Robin Puanani Danner (born 1962 or 1963) is a Native Hawaiian activist, sovereignty advocate, non-profit executive, and community developer. She is best known as the founding director of the Hawaiian Council (formerly the Council for Native Hawaiian Advancement) and chief executive officer from 2001 to 2013. Danner has also served as the elected chair of the Sovereign Council of Hawaiian Homestead Associations (SCHHA), the largest self-governing federation of homestead associations dedicated to Native Hawaiian sovereignty and self-determination.

In 2023, Danner departed SCHHA after 8 years to serve as a senior policy advisor to Governor Josh Green.

== Career and advocacy ==
=== Hawaiian Council ===
In 2001, Danner founded the Council for Native Hawaiian Advancement (CNHA) (now known as Hawaiian Council), establishing it as a national umbrella organization for community-based organizations serving Native Hawaiians, including the Department of Hawaiian Home Lands, Papa Ola Lokahi, Native Hawaiian Legal Corporation, Alu Like, and attorney Melody MacKenzie.

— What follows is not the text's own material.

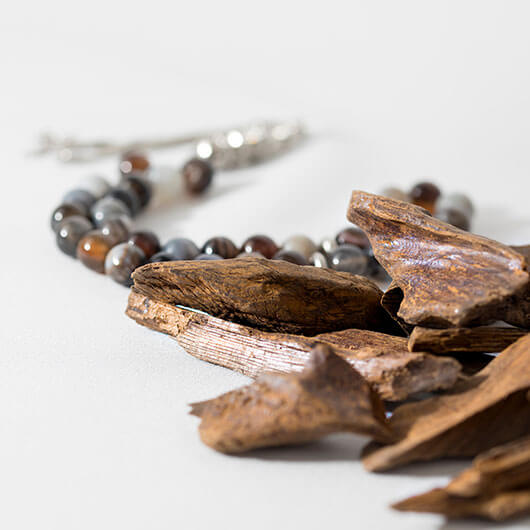 agarwood bracelet supplier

Under her leadership, the Hawaiian Council became a certified Community Development Financial Institution (CDFI), facilitating federal funding and private capital for Hawaiian homesteads. She also started the annual Native Hawaiian Convention, which has drawn over 2,000 participants every year; the first statewide Native Loan Fund; the Hawai’i Family Finance Project to promote financial literacy; the Homestead Self Help Program; and the Hawaiian Way Fund to advance philanthropy. She earned the Native Visionary Leader Award in 2012 from Opportunity Finance Network, the leading national network of community development financial institutions, for her leadership in establishing and helping others to establish native CDFIs. For her founding of Hawaiian Lending & Investments, Danner also earned the 2023 Native CDFI Seed Capital Award for its strategy to invest in Native Hawaiian agriculture.

=== Homestead advocacy ===
From 2015 to 2023, Danner served as the elected chair of the Sovereign Council of Hawaiian Homestead Associations (SCHHA), the largest self-governing federation of homestead associations dedicated to Native Hawaiian sovereignty and self-determination. She was the first woman to lead the organization in its 37-year history. Her work focuses on affordable housing, community lending, and the administration of the Hawaiian Homes Commission Act. Under her leadership, SCHHA founded the Homestead Community Development Corporation in 2009 and acquired Halenani Street Apartments, the first Native Hawaiian-owned fee property off-Native lands in Hawaii.

In 2018, Danner and her son Garrett Danner were arrested with trespassing and interfering with a government official during a protest on Department of Hawaiian Home Lands land near Anahola, Hawaii.

=== Native Hawaiian activism ===
Danner is a prominent advocate for federal recognition of Native Hawaiians and has lobbied for the Akaka Bill, which died in 2010. In 2011, Governor Neil Abercrombie appointed her to the first Native Hawaiian Roll Commission, which was charged with preparing and maintaining a roll of qualified Native Hawaiians as basis for participation in the organization of a Native Hawaiian governing entity. Danner has also participated in Hawaiian sovereignty discussions with the Obama administration and the Biden administration.

=== Elections ===
In 2006, Danner unsuccessfully ran for election as a trustee to the board of the Office of Hawaiian Affairs.

== Personal life ==
Danner was born and raised in Niumalu on Kauaʻi. She was also raised on Navajo, Hopi, and Apache reservations in Arizona and lived for 25 years among the Iñupiat people of Alaska before moving back to Kauaʻi. She is a former president of the National Bank of Alaska.